# Pulling News and storing it on a MongoDB database

In [2]:
from newsapi import NewsApiClient
from pymongo import MongoClient
from _utils import *
from datetime import datetime

##### Step 1. Using NewsApi to pull news articles

Begin by reading in your own personal api key for NewsApi. You can get one for free at https://newsapi.org/, but it is limited with the number of calls you can make per day.

In [3]:
with open("credentials/api_key.txt") as f:
    api_key = f.read()

Now we can use our api key to pull news from the NewsApi. We will be pulling news from the last 30 days. Note the page size is set to 100, which is the maximum number of articles you can pull per call. Here we will pull down all news stories that mention the word "Google".
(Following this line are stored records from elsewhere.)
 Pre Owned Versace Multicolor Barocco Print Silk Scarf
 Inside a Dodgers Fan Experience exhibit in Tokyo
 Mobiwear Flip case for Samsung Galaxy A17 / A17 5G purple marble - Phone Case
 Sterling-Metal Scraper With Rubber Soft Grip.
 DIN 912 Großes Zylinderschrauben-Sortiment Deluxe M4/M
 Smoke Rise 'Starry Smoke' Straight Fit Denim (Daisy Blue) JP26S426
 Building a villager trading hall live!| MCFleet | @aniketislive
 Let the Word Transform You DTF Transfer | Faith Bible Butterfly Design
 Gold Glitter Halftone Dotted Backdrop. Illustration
Note you will have to change the dates since the free api only allows you to access news articles that are a month old.

In [6]:
query = 'Google'
start_date = datetime(2023, 8, 1).strftime('%Y-%m-%d')
end_date = datetime(2023, 8, 31).strftime('%Y-%m-%d')
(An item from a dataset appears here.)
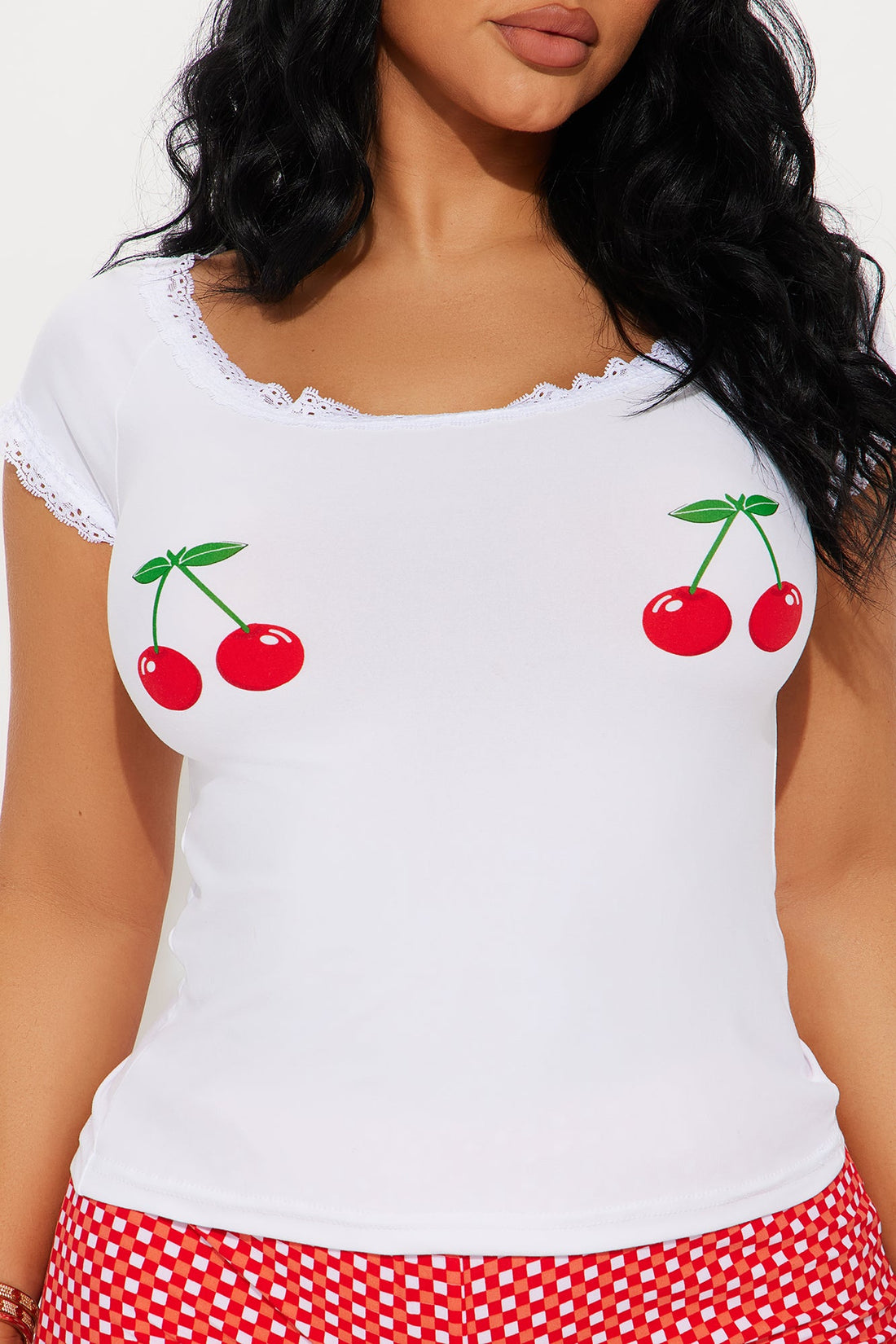 Sweet Cherries PJ Short Set - Red/White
# create our custom `GetNews` class
news = GetNews(api_key, query, start_date, end_date)

# get all the downloaded articles
news_list = news.get_articles()

# get the first article
news_list[0]

{'title': 'Let Google Check Your Grammar For You',
 'media': 'Lifehacker.com',
 'date': '2023-08-07',
 'url': 'https://lifehacker.com/let-google-check-your-grammar-for-you-1850712771'}

We can see that here we have pulled out only the relevant information from the json file. We have the title, description, url, and date of publication. We will be using this information to create a database of news articles.

#### Step 2: Saving to MongoDB

With our news articles downloaded we can easily save this information to a MongoDB database. We will be using the pymongo library to do this. First we will create a connection to our database. Note that you will have to change the name of the database to whatever you want to call it. You will need to have mongodb installed on your computer to do this. You can find instructions on how to do this here: https://docs.mongodb.com/manual/installation/. 

There is plenty of great resources to learn about MongoDB on youtube too

In [None]:
# load in the mongo server string
with open("credentials/mongo_client.txt") as f:
    mongo_client = f.read()

# specify the database and collection names
db_name = "stock_data"
collection_name = "news"

# add the articles to the database
news.add_to_db(mongo_client, db_name, collection_name)

Super easy! I have also incoorporated some useful functionality to handle duplicates so the same article is not saved twice.